С одной стороны, в отличие от других европейских империй, у российской монархии вплоть до 1917 года сохранялись пробелы в сведениях о ее окраинах (в частности, А. Моррисон отмечает отсутствие кадастра для Туркестана [Morrison 2009]). С другой стороны, знания, имевшиеся в ее распоряжении (то, что историк К. А. Бейли называет «архивной глубиной»), в период между первоначальным присоединением Казахской степи в начале 1730-х годов и распадом империи двумя веками позже росли в геометрической прогрессии [Bayly 1996: 349] [4] . На первый взгляд представляется, что достижения царского правительства в степи в этот период говорят об очевидной и прямой взаимосвязи между знанием и государственной властью.
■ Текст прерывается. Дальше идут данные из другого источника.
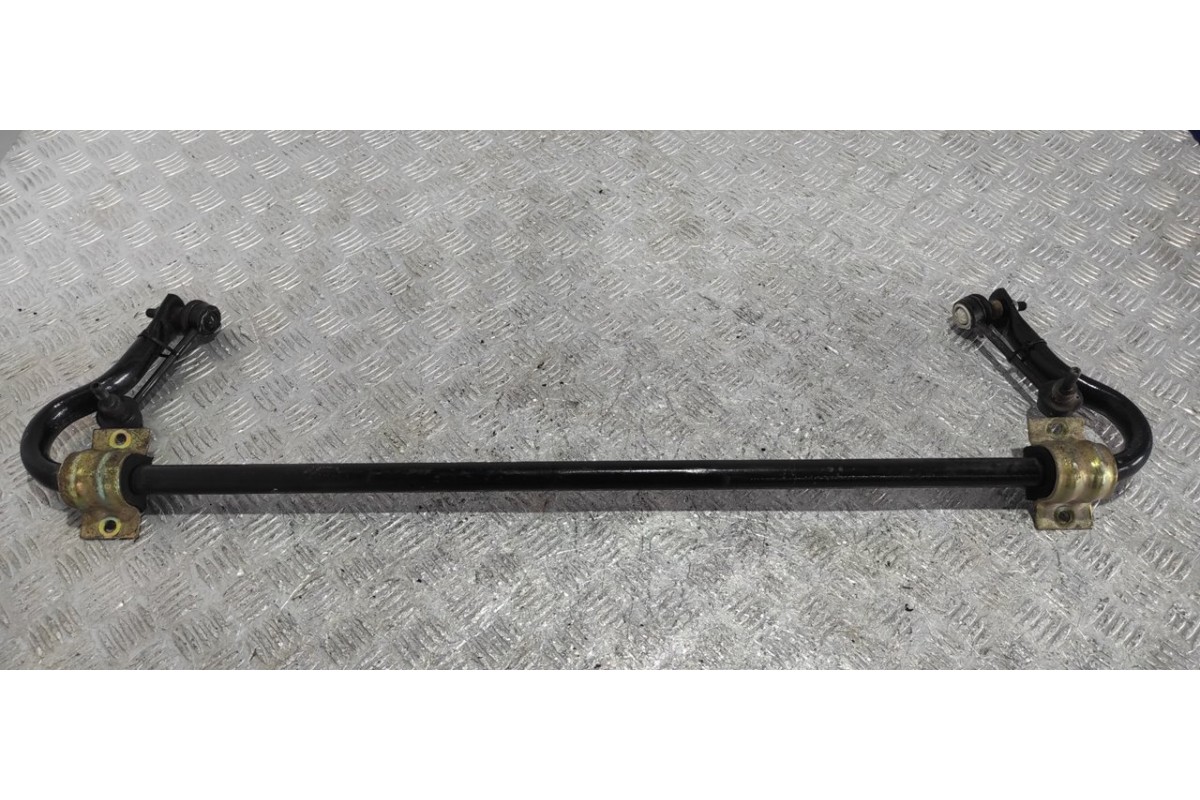 Recambio de barra estabilizadora delantera para nissan interstar mod. 04 (x70) 2.5 dci diesel cat referencia OEM IAM   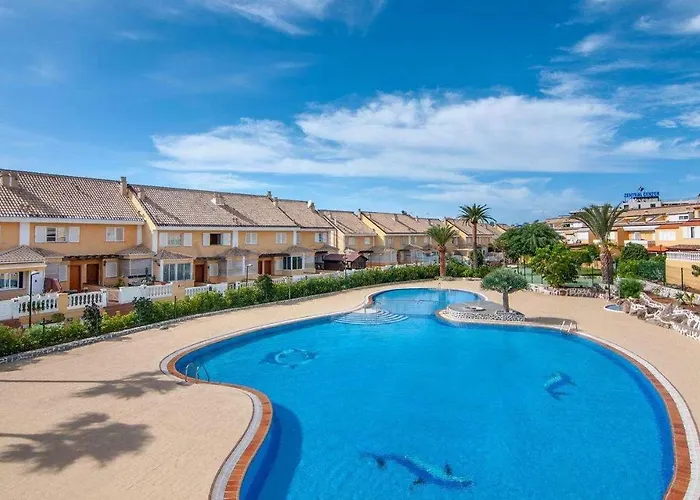 Апартаменты Playa Americas El Camison Плая-де-лас-Америкас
Все более глубокие военно-тактические и топографические знания, распространявшиеся через специализированные журналы, способствовали быстрому военному продвижению на юг, к туркестанским оазисам. К концу 1800-х годов количество специализированных агрономических и статистических обзоров увеличилось; их задачей была поддержка набиравшего темп переселения славянских земледельцев в степь. По мере того как «цивилизаторские» голоса внутри империи объявляли русский язык и институты царизма проводниками навыков и умений, необходимых грубым, диким кочевникам, чтобы модернизироваться, формировалась небольшая, но активная группа местных посредников между степью и государством, которая соглашалась с их аргументацией. По многим показателям, по которым можно судить об империи, в Средней Азии и казахской степи русская имперская политика имела успех, и знания, накопленные российскими учеными и чиновниками об этих регионах при значительной помощи казахских посредников, сыграли в этом важную роль. Но хотя империя, согласно ее собственным критериям, преуспела, ее политика подготовила почву для крупного восстания накануне революций 1917 года; при этом усилилась изоляция автономистского движения, участники которого ранее проявляли готовность участвовать в имперских институциях. Это кажущееся противоречие лучше всего можно объяснить, изучив, какими знаниями обладали русские и казахи о степи в ее социальном и административном контекстах.
4
Взаимное (и иногда продуктивное) недопонимание, порождаемое незнанием такого рода в степной дипломатии, описано М. Ходарковским [Khodark-ovsky 1992, 2002].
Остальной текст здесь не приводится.